Plan: 39 to add, 0 to change, 0 to destroy.
 
Changes to Outputs:
  + lb_dns_name = (known after apply)
 
Do you want to perform these actions?
  Terraform will perform the actions described above.
  Only 'yes' will be accepted to approve.
 
  Enter a value:

Confirm, and wait until Terraform finishes creating the resources (approximately 5-10 minutes). The output of the apply will contain the address of the load balancer, which can be used to access the current live autoscaling group. Recall that in this case, it is Green:

module.green.aws_autoscaling_group.webserver: Still creating... [40s elapsed]
module.green.aws_autoscaling_group.webserver: Creation complete after 42s 
[id=terraforminaction-v7t08a-green-asg]
module.blue.aws_autoscaling_group.webserver: Creation complete after 48s 
[id=terraforminaction-v7t08a-blue-asg]
 
Apply complete! Resources: 39 added, 0 changed, 0 destroyed.
 
Outputs:
 
lb_dns_name = terraforminaction-v7t08a-lb-369909743.us-west-2.elb.amazonaws.com

Navigate to the address in the browser to pull up a simple HTML site running version 1.0 of the application on Green (see figure 9.6).

CH09_F06_Winkler

Figure 9.6 The application load balancer currently points to the Green autoscaling group, which hosts version 1.0 of the application.

9.2.4 Blue/Green cutover

Now we are ready for the manual cutover from Green to Blue. Blue is already running version 2.0 of the application, so the only thing we need to do is update the load-balancer listener to point from Green to Blue. In this example, it’s as easy as changing var.production from "green" to "blue".

Listing 9.2 blue_green.tf

provider "aws" {
  region  = "us-west-2"
}
 
variable "production" {
  default = "blue"
}
 
module "base" {
  source     = "terraform-in-action/aws/bluegreen//modules/base"
  production = var.production
}
 
module "green" {
  source      = "terraform-in-action/aws/bluegreen//modules/autoscaling"
  app_version = "v1.0"
  label       = "green"
  base        = module.base
}
 
module "blue" {
  source      = "terraform-in-action/aws/bluegreen//modules/autoscaling"
  app_version = "v2.0"
  label       = "blue"
  base        = module.base
}
 
output "lb_dns_name" {
  value = module.base.lb_dns_name
}

Now run an apply again.

$ terraform apply
...
      ~ action {
            order            = 1
          ~ target_group_arn = "arn:aws:elasticloadbalancing:us-west-2:215974853022:targetgroup/terraforminaction-v7t08a-blue/7e1fcf9eb425ac0a" -> "arn:aws:elasticloadbalancing:us-west-2:215974853022:targetgroup/terraforminaction-v7t08a-green/80db7ad39adc3d33"
            type             = "forward"
        }
 
        condition {
            field  = "path-pattern"
            values = [
                "/stg/*",
            ]
        }
    }
 
Plan: 0 to add, 2 to change, 0 to destroy.
 
Do you want to perform these actions?
  Terraform will perform the actions described above.
  Only 'yes' will be accepted to approve.
 
  Enter a value:

After you confirm the apply, it should take only a few seconds for Terraform to complete the action. Again, from the user’s perspective, the change happens instantaneously with no discernable downtime. The load-balancer address has not changed: all that has happened is that the load balancer is now serving traffic to the Blue autoscaling group rather than Green. If you refresh the page, you will see that version 2.0 of the application is now in production and is served by the Blue environment (see figure 9.7).

CH09_F07_Winkler

Figure 9.7 The load balancer now points to the Blue autoscaling group, which hosts version 2.0 of the application.

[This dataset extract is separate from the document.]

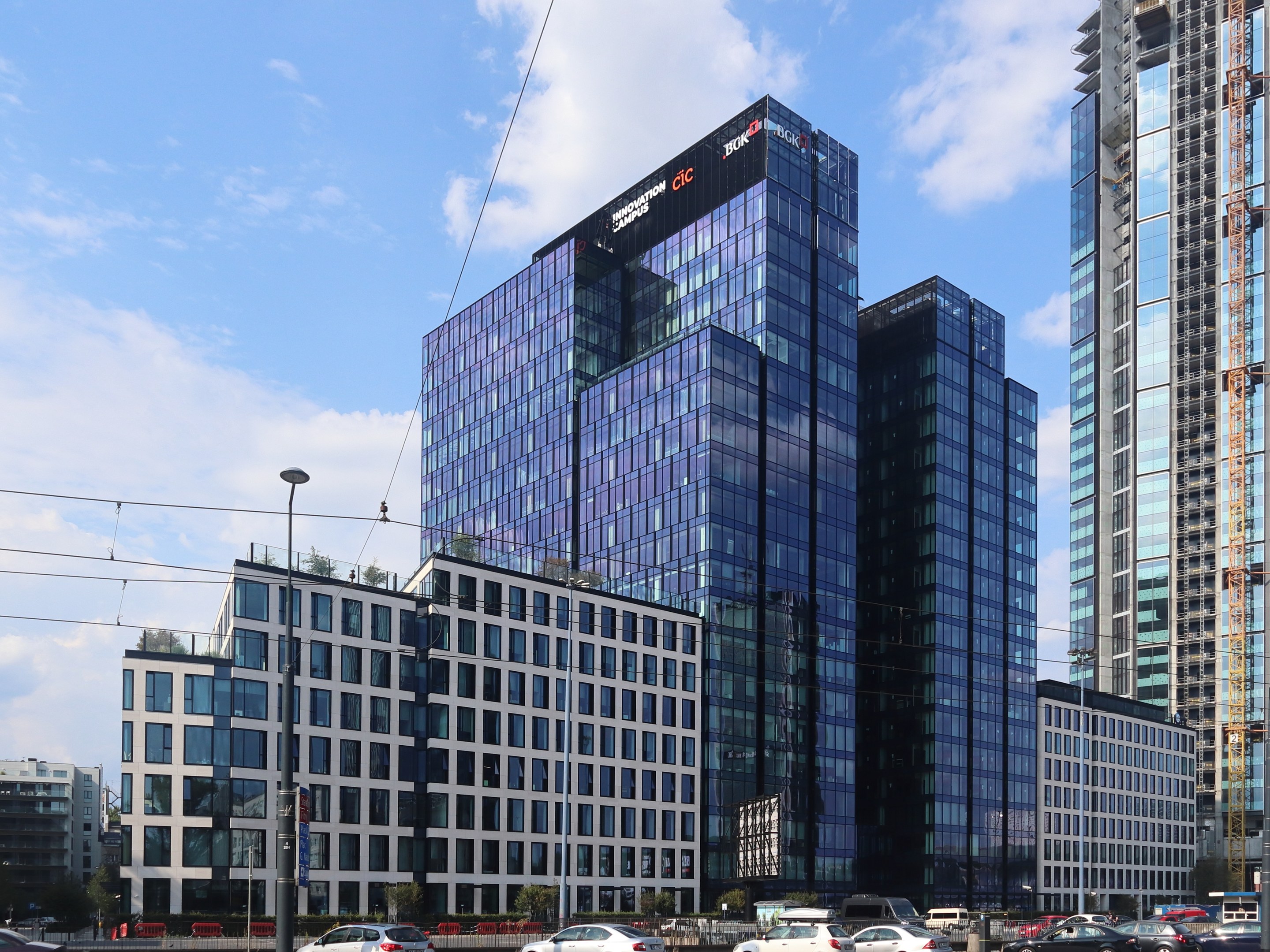 Zentrale der Deutschen Bank in Frankfurt, Deutschland, ein großes mehrstöckiges Gebäude mit zahlreichen Fenstern, umgeben von städtischer Infrastruktur einschließlich Straßenlaternen, Fahrzeugen, Grünflächen und einem bewölkten Himmel.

9.2.5 Additional considerations

We have demonstrated a simple example of how to do Blue/Green deployments with Terraform. You should take the following additional considerations into account before implementing Blue/Green for your deployments:

  • Cost savings—The idle group does not need to be exactly the same as the active group. You can save money by scaling down the instance size or the number of nodes when not needed. All you have to do is scale up right before you make the cutover.

  • Reducing the blast radius—Instead of having the load balancer and autoscaling groups all in the same Terraform workspace, it may be better to have three workspaces: one for Blue, one for Green, and one for the base. When performing the manual cutover, you mitigate risk by not having all your infrastructure in the same workspace.

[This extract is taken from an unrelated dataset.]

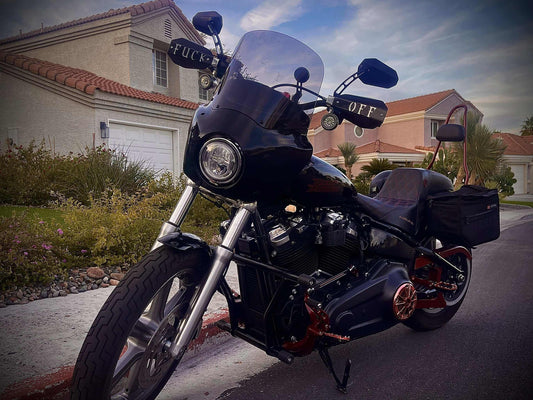 Motorcycle hand guards benefits on a custom motorcycle parked on a residential street.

  • Canary deployments—With AWS Route 53, you can perform canary deployments by having two load balancers and routing a percentage of the production traffic to each. Note that this may require executing a series of incremental Terraform deployments.

WARNIng Remember to take down your infrastructure with terraform destroy before proceeding, to avoid incurring ongoing costs!

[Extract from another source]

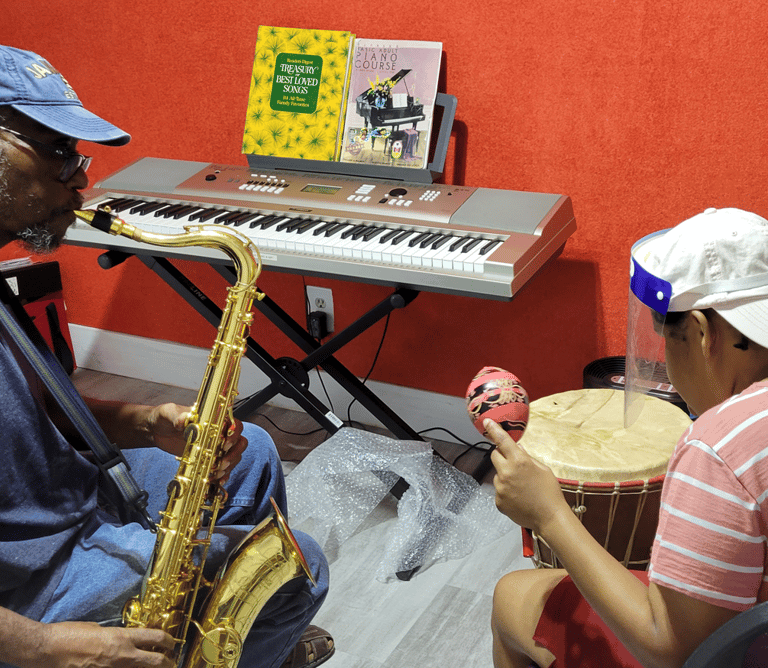 a man playing a saxophone and a woman playing playing a drum and shaking a maraca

9.3 Configuration management

Occasionally, it’s important to step back and ask, “Is Terraform the right tool for the job?” In many cases, the answer is no. Terraform is great, but only for the purpose it was designed for. For application deployments on VMs, you would be better served with a configuration management tool.

The further you move up the application stack, the more frequently changes occur. At the bottom is the infrastructure, which is primarily static and unchanging. By comparison, applications deployed onto that infrastructure are extremely volatile. Although Terraform can deploy applications (as we have seen in previous chapters), it isn’t particularly good at continuous deployment. By design, Terraform is an infrastructure-provisioning tool and is too slow and cumbersome to fit this role. Instead, a container-orchestration platform or configuration-management tool would be more appropriate. Since we examined application delivery with containers in the preceding two chapters, let’s now consider configuration management.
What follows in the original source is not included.